The convenience of a pre-mixed spice rub and sauce provides an excellent base for this recipe. Traditional Cantonese Char Siu is roasted and colored red with Sappan wood chips. My version includes smoking pork over live fire with cherry wood to allow for the pinkish hue of a smoke ring. Add in a rich sweet and savory marinade to season the pork, dinner is served!
Kosmo’s Q Char Siu BBQ Pork
- 1 whole pork shoulder
- Cherry wood chunks chips or pellets
Char Siu Spice Rub
- ½ cup + 1 tablespoon Kosmo's Q Dirty Bird
- 1 ½ teaspoons Five Spice Powder
- 1 ½ teaspoons onion powder
- 3 teaspoons garlic powder
Char Siu Marinade Sauce
- 2 cup Kosmo's Q Original Competition Sauce
- ½ cup honey
- ½ cup sesame oil
- ¼ cup + 2 tablespoons Shaoxing Cooking Wine
Char Siu Wrap Sauce
- 1 cup Kosmo's Q Original Competition Sauce
- ¼ cup honey
- ¼ cup sesame oil
- 3 tablespoon Shaoxing Cooking Wine
- 1 cup water
Char Siu Finishing Sauce
- 1/2 cup Kosmo's Q Original Competition Sauce
- 2 tablespoon honey
- 1 tablespoon sesame oil
- 1 tablespoon Shaoxing Cooking Wine
- 1/32 teaspoon Five Spice Powder
Char Siu Marinade
- Premix Char Siu Spice Rub and set aside in a shaker or spice rub dispenser.
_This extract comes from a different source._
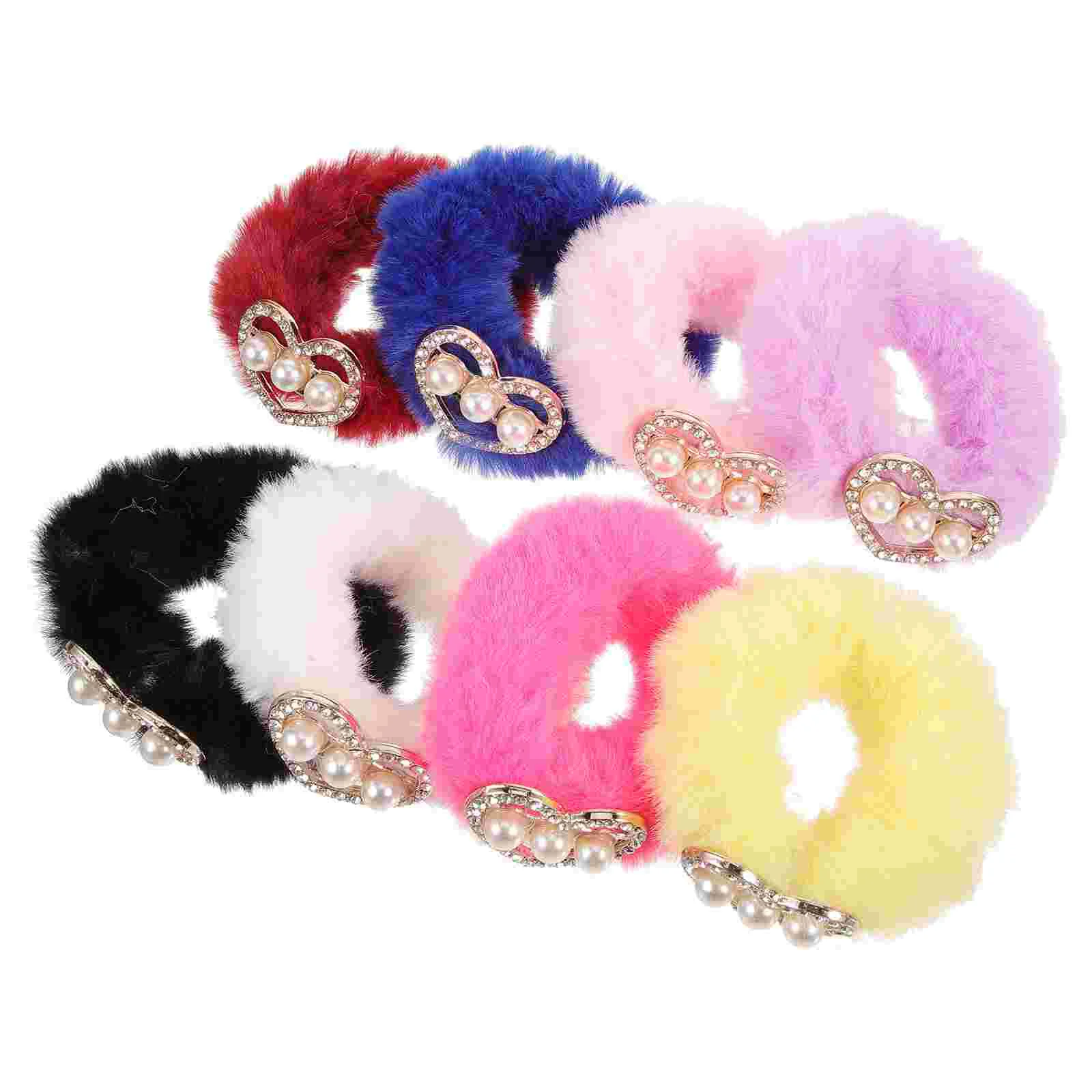 

8 Pcs Imitation Fur Pattern Tie Scrunchies for Girls Women Student Ponytail Holders Fashion Hair Accessories for Girls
- Cut pork shoulder in 2” to 3” strips.
- On a large baking sheet or pan, generously rub pork shoulder strips with Char Siu Spice Rub. Set aside.
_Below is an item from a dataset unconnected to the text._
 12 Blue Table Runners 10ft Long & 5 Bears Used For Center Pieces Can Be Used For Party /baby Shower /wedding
- Premix all ingredients of marinade sauce in 2 gallon zip plastic bag.
- Place the rubbed pork shoulder strips into marinade in the plastic bag. Move pork inside the bag to coat all pieces with marinade. Place into fridge to marinate overnight.
Smoking Char Siu BBQ Pork
- Warm up smoker 300F on Gateway Drum Smoker or 350F on another smoker using cherry chunks, chips or pellets.
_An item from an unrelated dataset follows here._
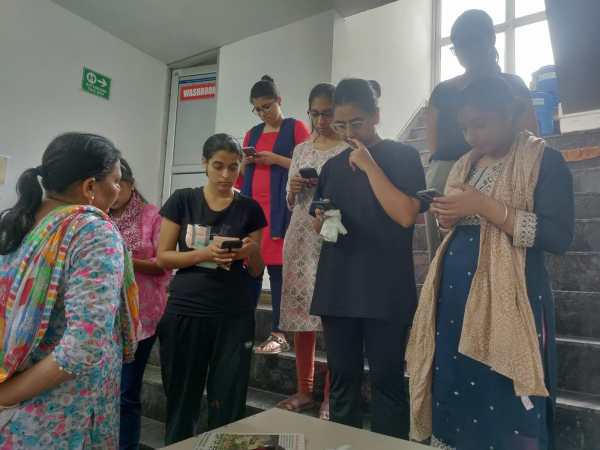 ne of the members of the Women Safety Cell interacting with college girls.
- Place the marinade pork strips onto the smoker, keeping any residual marinade sauce aside to use later.
- After 30 minutes, turn the rack and flip the pork strips and brush on the residual marinade sauce.
- After additional 30 minutes, turn the rack and flip the pork strips and brush on residual marinade sauce.
- After additional 30 minutes, turn the rack and flip the pork strips and brush on the residual marinade sauce.
- In a medium bowl, mix Char Siu Wrap Sauce and set aside.
- After 2 hours total on the smoker, when the rub and the marinade is set (where you cannot rub the marinade off the meat with your finger), place pork into a foil pan. Pour any residual marinade sauce, plus the Char Siu Wrap Sauce on top of the pork into the foil pan. Tightly wrap foil pan with pork with a layer of tin foil.
- Place pan of pork back onto the smoker to cook.
- After 1 hour, turn the pan on the smoker 90 degrees and continue to cook for an additional hour.
- Probe pork through foil to ensure it is tender, where the probe slides through the meat with no resistance and temperature is >190F.
- Place the tin foil back over the pan to seal and rest the pan of meat on the counter wrapped in towels or in a cooler.
- When ready to serve, strain liquid in foil pan through a fat separator.
- Brush Char Siu Finishing Sauce direct or mix Char Siu Finishing Sauce with residual liquid from the foil pan on all sides of pork strips. Slice pork against the grain. Enjoy!